- [EXERCISE DESCRIPTION] Lines from the listing below that contain the string "Hello" are to be reported.

- [SOURCE DATA]
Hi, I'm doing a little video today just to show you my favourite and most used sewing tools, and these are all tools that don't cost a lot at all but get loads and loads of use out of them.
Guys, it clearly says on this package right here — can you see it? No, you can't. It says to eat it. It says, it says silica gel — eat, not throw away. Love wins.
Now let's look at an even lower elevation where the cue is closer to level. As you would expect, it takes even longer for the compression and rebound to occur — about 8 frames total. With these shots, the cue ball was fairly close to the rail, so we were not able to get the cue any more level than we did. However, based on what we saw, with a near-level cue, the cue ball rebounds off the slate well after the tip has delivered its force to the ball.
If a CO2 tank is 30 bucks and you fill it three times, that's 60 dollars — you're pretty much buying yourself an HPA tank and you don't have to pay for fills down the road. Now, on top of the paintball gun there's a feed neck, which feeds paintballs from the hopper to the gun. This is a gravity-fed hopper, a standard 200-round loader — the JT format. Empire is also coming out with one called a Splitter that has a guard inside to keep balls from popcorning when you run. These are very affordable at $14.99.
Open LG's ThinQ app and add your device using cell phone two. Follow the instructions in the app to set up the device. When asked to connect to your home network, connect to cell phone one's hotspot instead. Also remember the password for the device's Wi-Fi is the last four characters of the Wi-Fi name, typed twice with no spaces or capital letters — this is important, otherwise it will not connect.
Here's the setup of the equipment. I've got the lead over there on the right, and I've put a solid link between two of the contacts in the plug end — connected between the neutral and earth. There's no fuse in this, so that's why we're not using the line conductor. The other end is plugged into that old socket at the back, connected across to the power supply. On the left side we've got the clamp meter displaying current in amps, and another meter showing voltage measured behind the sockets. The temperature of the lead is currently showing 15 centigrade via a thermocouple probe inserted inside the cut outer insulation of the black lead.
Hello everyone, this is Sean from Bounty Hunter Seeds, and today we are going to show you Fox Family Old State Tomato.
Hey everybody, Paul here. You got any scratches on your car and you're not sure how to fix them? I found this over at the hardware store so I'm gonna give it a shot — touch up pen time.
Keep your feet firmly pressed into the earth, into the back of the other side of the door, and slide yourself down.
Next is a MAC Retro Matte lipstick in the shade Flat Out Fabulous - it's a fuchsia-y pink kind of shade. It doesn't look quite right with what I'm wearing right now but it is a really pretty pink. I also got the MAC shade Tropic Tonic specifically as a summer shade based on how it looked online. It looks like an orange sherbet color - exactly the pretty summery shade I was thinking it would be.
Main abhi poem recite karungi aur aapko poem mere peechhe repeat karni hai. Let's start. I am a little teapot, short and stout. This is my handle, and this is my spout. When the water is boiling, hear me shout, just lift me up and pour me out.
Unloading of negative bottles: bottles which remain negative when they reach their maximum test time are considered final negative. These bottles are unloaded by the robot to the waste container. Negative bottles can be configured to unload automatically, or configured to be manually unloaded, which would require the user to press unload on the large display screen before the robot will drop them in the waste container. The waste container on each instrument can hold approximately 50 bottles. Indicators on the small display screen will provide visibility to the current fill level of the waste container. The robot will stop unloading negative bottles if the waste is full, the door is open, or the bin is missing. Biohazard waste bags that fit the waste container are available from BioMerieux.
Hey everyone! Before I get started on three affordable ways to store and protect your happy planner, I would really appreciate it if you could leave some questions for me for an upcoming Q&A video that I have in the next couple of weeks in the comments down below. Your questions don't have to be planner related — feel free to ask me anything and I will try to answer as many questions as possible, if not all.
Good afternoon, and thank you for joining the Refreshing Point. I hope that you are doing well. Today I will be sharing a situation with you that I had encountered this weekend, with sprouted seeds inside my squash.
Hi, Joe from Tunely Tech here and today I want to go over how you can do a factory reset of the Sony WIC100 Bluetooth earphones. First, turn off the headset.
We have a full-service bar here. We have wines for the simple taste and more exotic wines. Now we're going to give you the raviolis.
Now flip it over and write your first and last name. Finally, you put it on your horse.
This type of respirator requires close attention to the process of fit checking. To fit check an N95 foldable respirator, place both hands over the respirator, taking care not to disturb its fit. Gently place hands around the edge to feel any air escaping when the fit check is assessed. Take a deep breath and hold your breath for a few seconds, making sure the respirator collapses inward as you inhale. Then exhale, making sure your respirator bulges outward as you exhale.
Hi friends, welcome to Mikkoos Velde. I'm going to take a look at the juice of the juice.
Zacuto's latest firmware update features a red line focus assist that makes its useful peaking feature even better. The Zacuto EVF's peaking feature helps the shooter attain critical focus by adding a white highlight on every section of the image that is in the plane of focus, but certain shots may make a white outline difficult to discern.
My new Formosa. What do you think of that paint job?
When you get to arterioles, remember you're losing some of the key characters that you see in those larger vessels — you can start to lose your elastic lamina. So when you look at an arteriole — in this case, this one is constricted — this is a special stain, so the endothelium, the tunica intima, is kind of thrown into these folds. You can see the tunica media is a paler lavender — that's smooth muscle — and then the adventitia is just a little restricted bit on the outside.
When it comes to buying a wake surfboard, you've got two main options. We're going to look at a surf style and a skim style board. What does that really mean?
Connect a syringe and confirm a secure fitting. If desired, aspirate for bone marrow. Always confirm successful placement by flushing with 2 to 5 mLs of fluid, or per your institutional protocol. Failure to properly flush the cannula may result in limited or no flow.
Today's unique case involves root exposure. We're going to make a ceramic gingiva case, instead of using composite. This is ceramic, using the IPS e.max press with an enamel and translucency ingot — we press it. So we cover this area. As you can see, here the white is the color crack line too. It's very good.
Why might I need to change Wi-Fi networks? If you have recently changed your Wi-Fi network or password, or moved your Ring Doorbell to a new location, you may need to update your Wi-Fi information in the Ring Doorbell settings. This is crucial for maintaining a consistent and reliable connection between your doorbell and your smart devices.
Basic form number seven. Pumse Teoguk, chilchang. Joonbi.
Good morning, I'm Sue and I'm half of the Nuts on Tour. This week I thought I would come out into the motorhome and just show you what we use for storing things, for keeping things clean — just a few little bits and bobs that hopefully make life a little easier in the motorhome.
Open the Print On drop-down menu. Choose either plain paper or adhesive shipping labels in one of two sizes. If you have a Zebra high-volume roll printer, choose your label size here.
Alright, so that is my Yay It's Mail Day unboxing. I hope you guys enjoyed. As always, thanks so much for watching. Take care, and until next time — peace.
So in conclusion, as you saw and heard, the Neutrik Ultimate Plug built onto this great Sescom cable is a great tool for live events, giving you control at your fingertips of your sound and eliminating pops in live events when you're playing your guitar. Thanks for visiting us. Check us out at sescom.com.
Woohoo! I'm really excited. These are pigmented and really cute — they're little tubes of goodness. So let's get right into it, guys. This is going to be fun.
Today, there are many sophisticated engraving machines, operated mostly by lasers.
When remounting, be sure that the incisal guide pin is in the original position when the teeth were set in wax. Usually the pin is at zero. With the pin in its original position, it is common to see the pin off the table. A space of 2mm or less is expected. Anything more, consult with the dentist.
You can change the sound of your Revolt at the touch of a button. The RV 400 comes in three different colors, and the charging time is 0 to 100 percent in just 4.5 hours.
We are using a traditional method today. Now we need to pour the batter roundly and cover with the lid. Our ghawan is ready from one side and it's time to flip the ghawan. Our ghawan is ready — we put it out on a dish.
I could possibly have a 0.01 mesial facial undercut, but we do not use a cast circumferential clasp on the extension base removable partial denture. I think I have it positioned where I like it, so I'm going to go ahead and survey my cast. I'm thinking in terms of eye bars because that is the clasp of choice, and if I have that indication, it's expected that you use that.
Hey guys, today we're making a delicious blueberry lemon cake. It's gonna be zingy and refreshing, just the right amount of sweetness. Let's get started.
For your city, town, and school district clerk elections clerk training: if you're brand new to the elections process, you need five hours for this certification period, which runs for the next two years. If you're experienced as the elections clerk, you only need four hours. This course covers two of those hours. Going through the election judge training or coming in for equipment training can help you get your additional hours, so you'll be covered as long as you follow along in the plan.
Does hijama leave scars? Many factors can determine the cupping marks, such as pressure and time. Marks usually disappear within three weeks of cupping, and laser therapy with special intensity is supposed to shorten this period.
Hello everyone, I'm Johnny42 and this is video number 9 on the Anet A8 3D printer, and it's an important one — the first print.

- [FINAL ANSWER]
Hello everyone, this is Sean from Bounty Hunter Seeds, and today we are going to show you Fox Family Old State Tomato.
Hello everyone, I'm Johnny42 and this is video number 9 on the Anet A8 3D printer, and it's an important one — the first print.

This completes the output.